|
Implicit Bias and Loss of Plasticity in Matrix Completion: Depth Promotes Low-Rankness |
Soundness: 3: good
Presentation: 2: fair
Contribution: 2: fair
Rating: 6: marginally above the acceptance threshold
Confidence: 2: You are willing to defend your assessment, but it is quite likely that you did not understand the central parts of the submission or that you are unfamiliar with some pieces of related work. Math/other details were not carefully checked. |
Matrix completion by deep linear networks is an important model problem for understanding a variety of phenomena in the training of deep neural networks. It was previously observed empirically that the such models have a tendency to discover low-rank solutions.
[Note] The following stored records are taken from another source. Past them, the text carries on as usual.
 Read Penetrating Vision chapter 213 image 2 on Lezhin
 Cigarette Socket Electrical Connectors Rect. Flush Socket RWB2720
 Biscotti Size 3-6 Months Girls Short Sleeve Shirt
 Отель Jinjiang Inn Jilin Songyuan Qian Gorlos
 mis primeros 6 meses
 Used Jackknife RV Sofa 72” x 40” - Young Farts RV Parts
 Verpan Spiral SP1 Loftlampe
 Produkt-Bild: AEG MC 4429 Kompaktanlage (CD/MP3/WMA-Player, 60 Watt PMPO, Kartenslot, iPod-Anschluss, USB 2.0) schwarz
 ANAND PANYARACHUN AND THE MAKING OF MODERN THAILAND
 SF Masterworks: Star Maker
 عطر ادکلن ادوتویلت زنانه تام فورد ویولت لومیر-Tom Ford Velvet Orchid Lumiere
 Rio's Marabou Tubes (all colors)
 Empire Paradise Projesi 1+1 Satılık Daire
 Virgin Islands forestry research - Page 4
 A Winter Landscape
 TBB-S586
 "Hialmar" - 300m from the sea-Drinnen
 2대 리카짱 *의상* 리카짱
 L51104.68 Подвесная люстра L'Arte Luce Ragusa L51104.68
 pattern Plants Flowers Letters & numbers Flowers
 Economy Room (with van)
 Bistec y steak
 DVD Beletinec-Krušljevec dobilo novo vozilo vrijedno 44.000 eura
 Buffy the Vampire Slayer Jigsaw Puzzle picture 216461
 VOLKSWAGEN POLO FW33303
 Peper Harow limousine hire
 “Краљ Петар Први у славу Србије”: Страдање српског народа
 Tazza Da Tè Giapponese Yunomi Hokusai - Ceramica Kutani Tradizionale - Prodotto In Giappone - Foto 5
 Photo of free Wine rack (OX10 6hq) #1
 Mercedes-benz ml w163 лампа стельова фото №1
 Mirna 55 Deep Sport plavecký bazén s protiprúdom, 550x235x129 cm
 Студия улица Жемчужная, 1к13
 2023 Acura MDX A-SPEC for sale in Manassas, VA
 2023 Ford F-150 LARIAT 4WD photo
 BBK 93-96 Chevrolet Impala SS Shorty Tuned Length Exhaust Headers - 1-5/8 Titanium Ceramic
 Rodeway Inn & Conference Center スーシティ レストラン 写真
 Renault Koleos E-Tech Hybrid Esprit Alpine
In the case of two-layer networks, it was observed that this is the case if and only if the observations are "connected" in a suitable sense.
The reviewed work attempts to extend this understanding to the case of deeper networks (which are known to provide low-rank solutions even for disconnected observations). As a starting point, it uses the fact that the characterization of low-rankness through connected observations proceeds by observing that disconnected observations lead to decoupled gradient dynamics of different degrees of freedom.
To this end, the reviewed work definines a notion of "coupled gradient flow dynamics" and shows that under diagonal (and thus disconnected) observations and a structured initialization scheme, the training dynamics are coupled if and only if the initialization is diagonal. It implicitly characterizes the singular values of the converged matrices in this case.
Finally, the authors aim to illucidate the loss of plasticity phenomenon by showing that fast convergence of a pretrained network prevents significant decay of the stable rank.
- This work addresses the important and thorny question of implicit bias in deep learning
- Generalizes the independent observations mechanism beyond the 2 layer case
- Provides an potentially useful perspective on the plasticity phenomenon
Maybe due to the challenging nature of the questions studied, the connection between the highly restricted theoretical setting and the claims about the behavior of the real algorithm (deep learning or even just deep matrix completion) is somewhat tenuous at times. I am especially doubtful about the additional insight of the implicit characterization (8), (9). If it is possible to derive additional insight from it rather than just solving it numerically, this would significantly strengthen the paper.
Typos:
Line 306 "of of"
1. You solve the equations (8) (9) numerically. Can you show that this system has a unique solution? If not, how do you know that the solutions of this system of equations characterizes the training behavior?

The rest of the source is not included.